__What the exercise asks__
Exact copy, no pictures: every line from the one that contains "Detalle del estudio" through the end of the data below, and nothing else.

-----

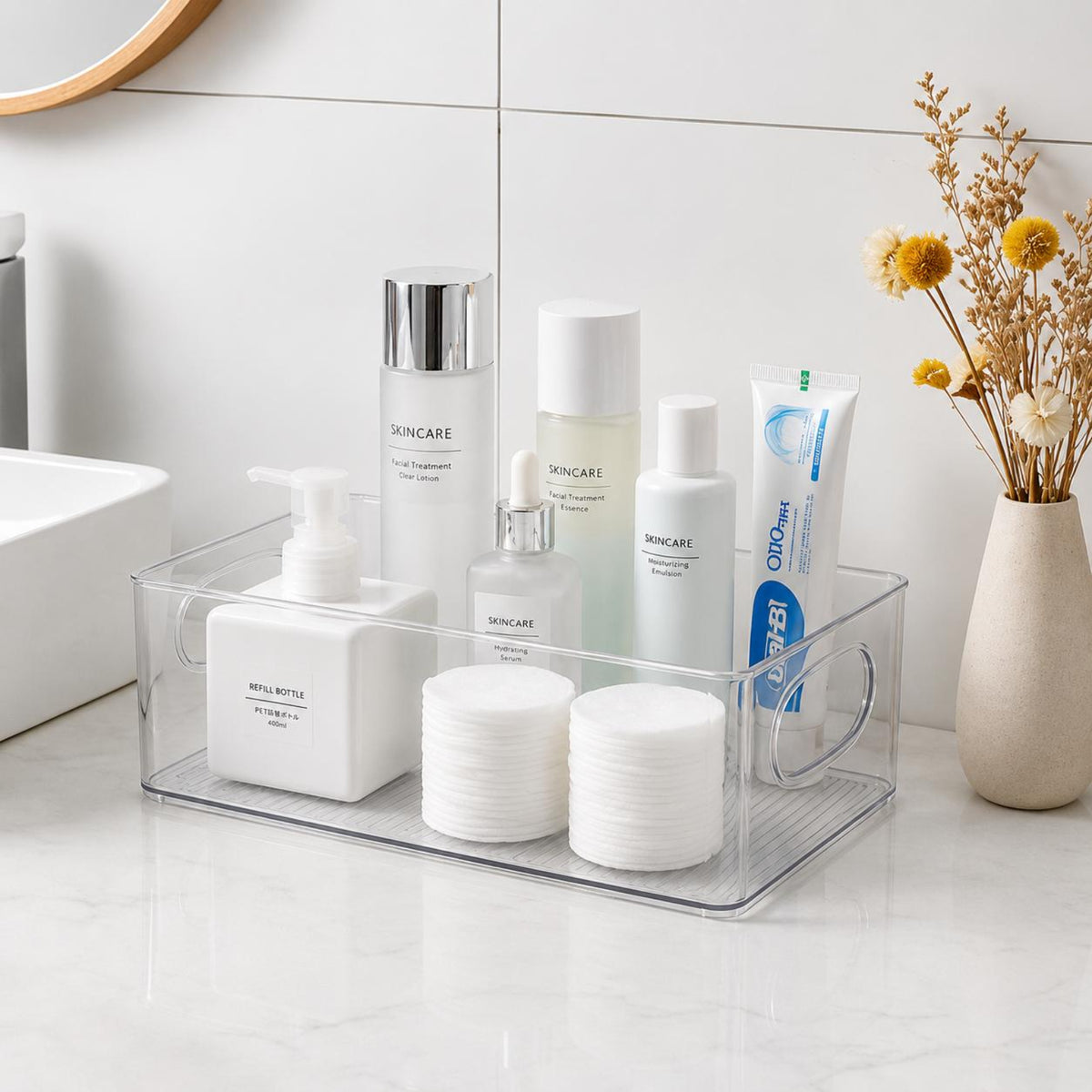 A clear plastic bathroom organizer tray holding several skincare and beauty products, including a pump bottle, tubes, and cotton pads, set on a white marble bathroom counter.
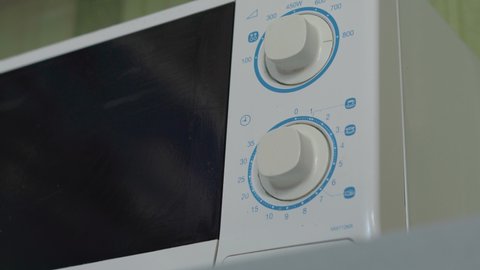 Close-up shot of a person cleaning a microwave with vinegar. Housewife hand in rubber gloves cleans microwave oven. Old microwave cleaning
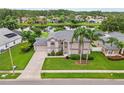 Beautiful two-story home with a well-manicured lawn, palm trees, and a long driveway at 18219 Bittern Ave, Lutz, FL 33558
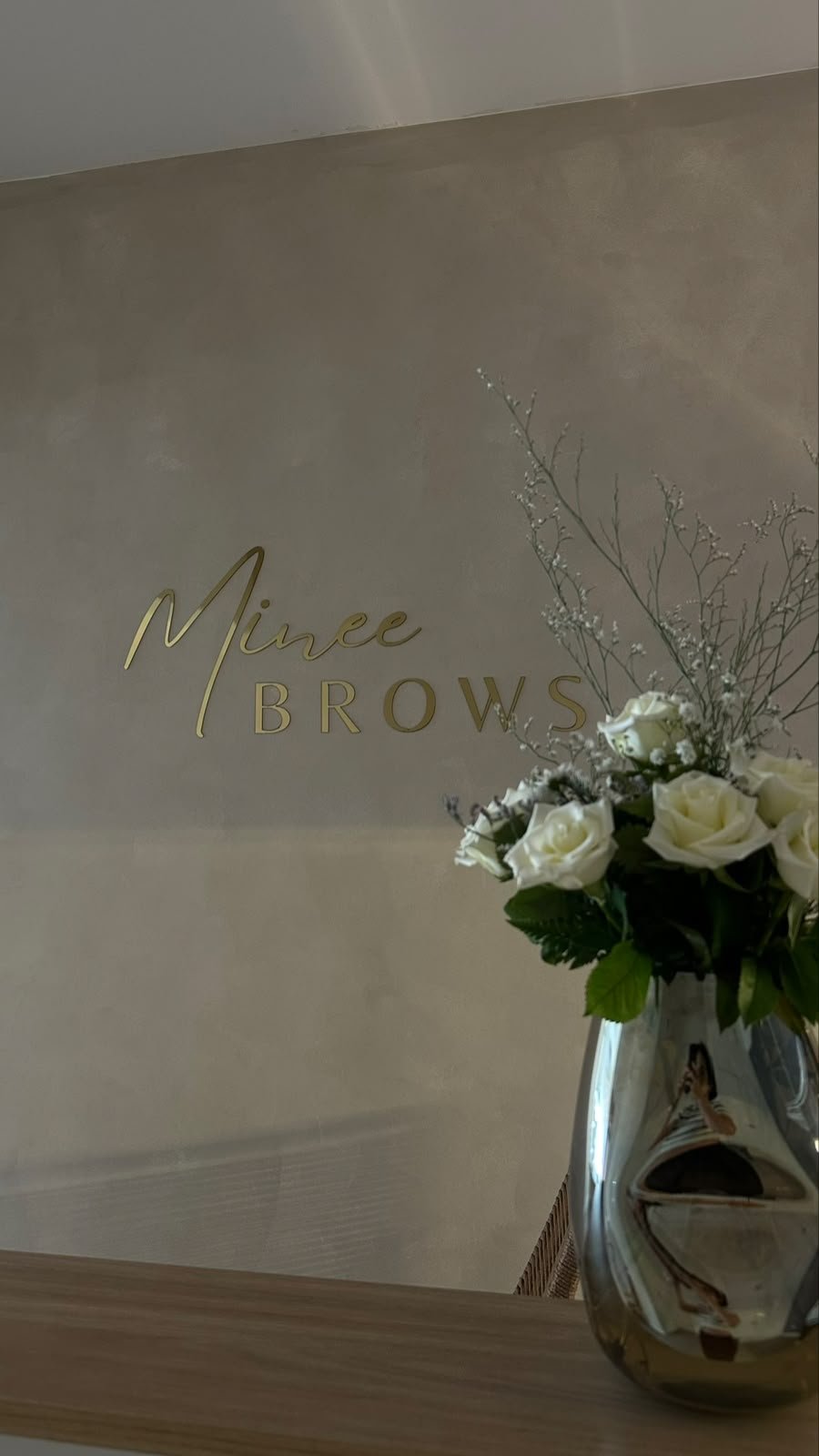 Detalle del estudio Mine Brow Studio con flores blancas y su insignia dorada
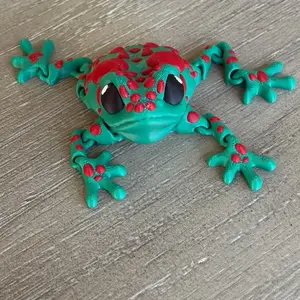 3D Printed Articulated Frog Toy with Green Body and Red Spots for Kids' Play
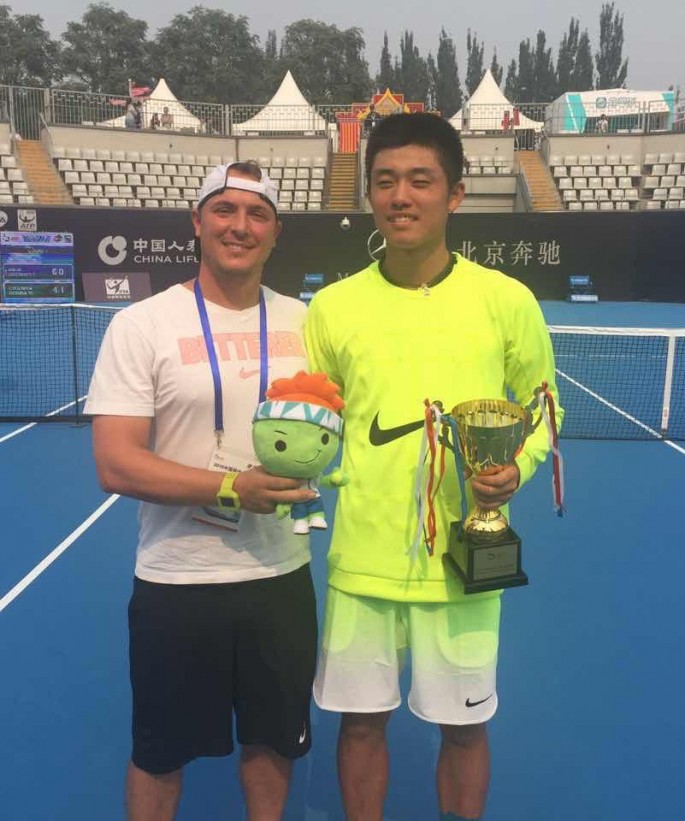 Chinese tennis sensation Wu Yibing (right)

-----

__Output for this exercise__
 Detalle del estudio Mine Brow Studio con flores blancas y su insignia dorada
 3D Printed Articulated Frog Toy with Green Body and Red Spots for Kids' Play
 Chinese tennis sensation Wu Yibing (right)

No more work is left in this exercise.